Hizbullah rejected billions of aid dollars offered to the party in exchange for disarming, the movement's deputy secretary-general said Monday.

"Billions of dollars have been offered to us to rebuild the deprived south Lebanon and in return to surrender our arms and stop the work of the resistance," Naim Qassem said Monday.

"But we told them we're not in need [of their money] and the resistance will go on regardless of the consequences,” he added.

Qassem also said that the price the people pays for Hizbullah's resistance is less than the cost of 'Israeli occupation.'

“Israel has at different times initiated aggression against Lebanon and if we compare the cost of occupation and aggression with the results of liberation and independence, we would find that we have regained our land and freedom with liberation, making the cost of occupation higher than the cost of liberation,” Qassem said.

Lawmakers of the March 14 coalition, led by former prime minister Saad Hariri, have repeatedly called for Hizbullah to surrender its arms to the Lebanese state describing the movement's independent paramilitary capacity as illegitimate.

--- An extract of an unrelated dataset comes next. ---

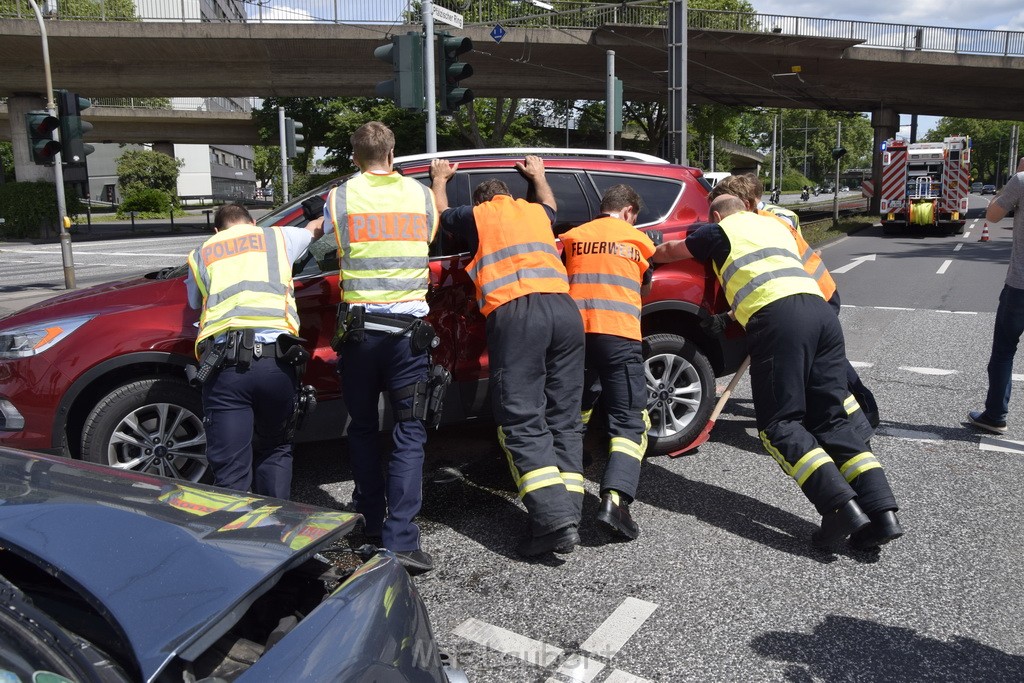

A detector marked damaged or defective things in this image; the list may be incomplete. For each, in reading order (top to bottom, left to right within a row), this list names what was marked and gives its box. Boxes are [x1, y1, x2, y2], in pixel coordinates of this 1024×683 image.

damaged red suv [0, 149, 741, 481]
blue car crumpled front end [0, 448, 460, 683]
dark blue damaged car [0, 448, 468, 683]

Hizbullah and its allies in the March 8 alliance, however, claim the “people, army, resistance” formula is the only way to defend the country. Qassem also described the resistance as way to achieve 'liberation.'

“If it wasn't for the July war, Israel would be regularly assassinating people, entering villages and arresting a great number of people and it would be preparing for naturalization and the political solution that suits it best … but the resistance has deterred Israel and it has brought victory and liberation in 2000 and created a real, tough deterrence in the face of the Israeli project,” Qassem said.

"[The] successful resistance in 2006 proved [Hizbullah's] necessity," Qassem argued.

Opposition leaders, however, note it was Hizbullah's actions - violating the Israel-Lebanon border to kidnap Israeli soldiers - that sparked the 2006 war in the first place.

Qassem also responded to allegations from rival political leaders who have accused Hizbullah of using their weapons internally against Lebanese citizens and as a tool of political pressure.

“We have created a balance between the resistance and our work in internal politics. We consider that the resistance's arms are directed at Israel and that internally we work according to an organized mechanism … Therefore, the theory that the resistance uses its arsenal as a pressure tactic has been refuted by the resistance and Hezbollah’s performance which are harmonious with respecting constitutional institutions and the rule of the Lebanese system.”

The UN-backed Special Tribunal for Lebanon has indicted four Hizbullah members for the 14 February 2005 assassination of Lebanese prime minister Rafiq Hariri citing "political motivations" on Hizbullah's part.